Toys feature as principal objects of focus and context for Ms Noon’s wider PhD research. Through carefully composed portrait photographs she considers the connection people have with their toy and the emotions that underpin their interaction.
A reflection of society
Easy Bake Oven was a favourite in the 1960’s, Baby Alive in the 1970’s and Transformers in the 1980’s. Ms Noon said the current thinking of the time is often reflected in toys.
“Toys can provide a lens to consider characteristics of the period that conceives and consumes them,” she said.
“Although toys are a highly visible feature of everyday life, their significance can often hide in plain sight,” Ms Noon said.

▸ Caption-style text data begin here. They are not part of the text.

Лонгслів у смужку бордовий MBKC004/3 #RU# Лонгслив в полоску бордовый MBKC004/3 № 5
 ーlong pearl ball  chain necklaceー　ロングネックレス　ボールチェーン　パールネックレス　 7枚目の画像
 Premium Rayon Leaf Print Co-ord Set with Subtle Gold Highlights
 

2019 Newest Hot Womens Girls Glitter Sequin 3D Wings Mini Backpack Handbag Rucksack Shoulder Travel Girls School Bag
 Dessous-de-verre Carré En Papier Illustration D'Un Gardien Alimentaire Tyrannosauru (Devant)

Cherished by old and young
Ms Noon said at certain stages of human life – not restricted to childhood – particular toys can hold deeply meaningful connections for their custodians.
“My photographic portrait research aims to explore the emotions that underpin person-to-toy transactions,” Ms Noon said.
She will set up a photo booth at Central Institute Gallery in Perth to capture the relationships between toy and individual.
“The photo booth will provide a way to playfully showcase the wonderful ways that people commune with their treasured toys – whether that’s big, small, old, new, handmade, fugly or cute,” Ms Noon said.
A series of photographic portraits will be generated to provide a time-capsule of Perth people and their toy stories. The series will receive a public showing at a later date.
Ms Noon’s PhD research, A collaborative approach to photographic portraiture: Toying with photographic practice, follows her earlier project Pinkification: Rethinking pink. That First Class Honours research featured photographs of Perth women and their relationship to all things pink.
The ‘Toygetherness’ photobooth will run from Monday, 29 February until Thursday, 24 March 2016 in the Shopfront artist-in-residency space at Central Institute, 149 Beaufort Street, Perth.